Ed Catmull writes that postmortem is a fabulous way of passing on the positive and negative lessons to other people and the newcomers.

We have to self-reflect and learn during successes also.

REWARD EFFORTS -It is inevitable that some ideas would fail, resulting in losses for the company. For innovation culture to prevail, the leadership team has to reward the efforts rather than the results.

When Jack Welch was working as General Manager at GE, one of the teams under him developed ‘Harlac’ light bulb that lasted ten times longer than the typical light bulbs at a fraction of energy but expensive to buy. Unfortunately, consumers did not buy the light bulb & the project failed. GE lost more than $50 million.

Jack didn’t punish those people for the failure -That would have created a culture of fear and stifled people’s creativity. Then, nobody would try any new ideas. What did Jack Welch do? He rewarded the Harlac team’s exceptional efforts by handing out cash awards and promoted several of them to new jobs.

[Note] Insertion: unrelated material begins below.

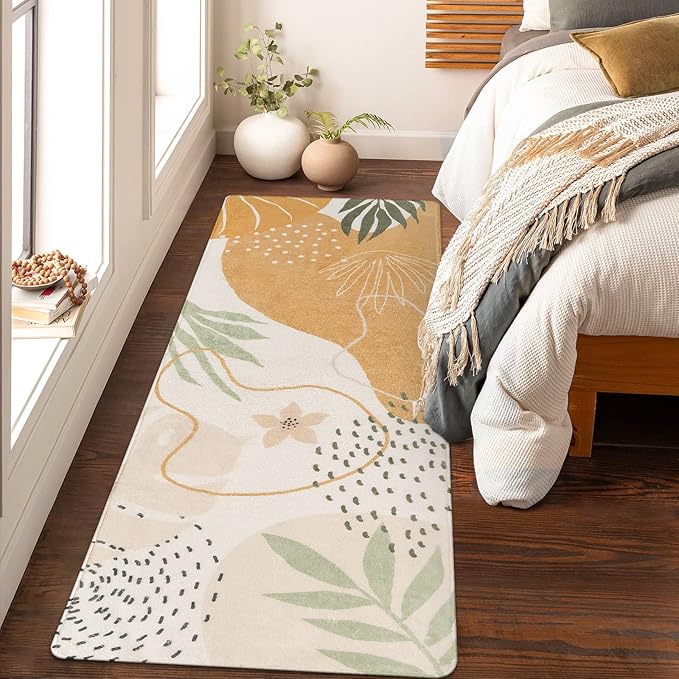 Lahome Boho Long Bathroom Rugs - 2x7 Rug Lightweight Washable Non-Slip Runner Rugs for Bedroom Throw Soft Bath Mat Runner, Taupe Botanical Print Indoor Carpet Runner for Entryway Hallway Kitchen
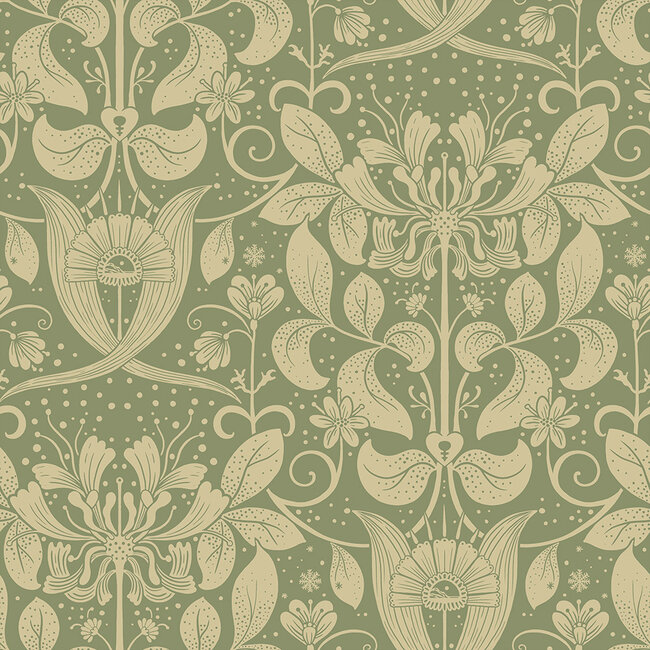 Dutch Wallcoverings Dutch Wallcoverings - FC Hjärterum- Berit groen - Vliesbehang - 10m x 53cm - 83126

Why do we need to reward efforts? One of Daniel Kahneman’s research showed that we highly underestimate the impact that luck has in many situations, and we massively overestimate the effects of our actions. In many cases, some executives with a lesser effort got great results as luck went their way & many, even after wild attempts, could not reach their goal due to circumstances beyond their control. So, an idea’s failure could be due to reasons beyond the team or person’s control. That’s the reason we need to analyze every success or failure. We need to interpret them.

See the Work in a Bigger Context -For evaluating efforts, Jack observed the team’s reasoning process, thought procedure, working methodology, applications, and output. He always compared a project’s lessons to the company’s goals, core values, and the possible long term benefit for the organization. He saw the work in a bigger context.

Spending time with the Harlac team had helped Jack to understand how they worked passionately and diligently to execute the project. He also could realize the personal improvement the team had made.

Based on his observations, Jack reasoned that it would be extremely demotivating to Harlac team members if they didn’t get recognition for their extra effort & at the same time, they had to witness their lesser competent colleagues receiving both cash awards and promotions.

Jack says that leaders must focus more on the effort of employees than on just their results. That would encourage employees to be fearless in pursuing new ideas.

CONCLUSION

Failing is painful & succeeding is a joyous one. It requires character, courage, grittiness to analyze one’s failures and take efforts to improve, and then succeed. A company that encourages mistakes would be in the forefront all the time.

Success after facing a failure would be grander and sweeter than winning in the first attempt.

REFERENCES: Creativity, Inc. by Ed Catmull, Principles by Ray Dalio, Straight From The Gut by Jack Welch, The Fearless Organisation: Interview by Amy C. Edmondson, Made in America by Sam Walton, The Failure-Tolerant Leader -A HBR Article by Richard Farson and Ralph Keyes.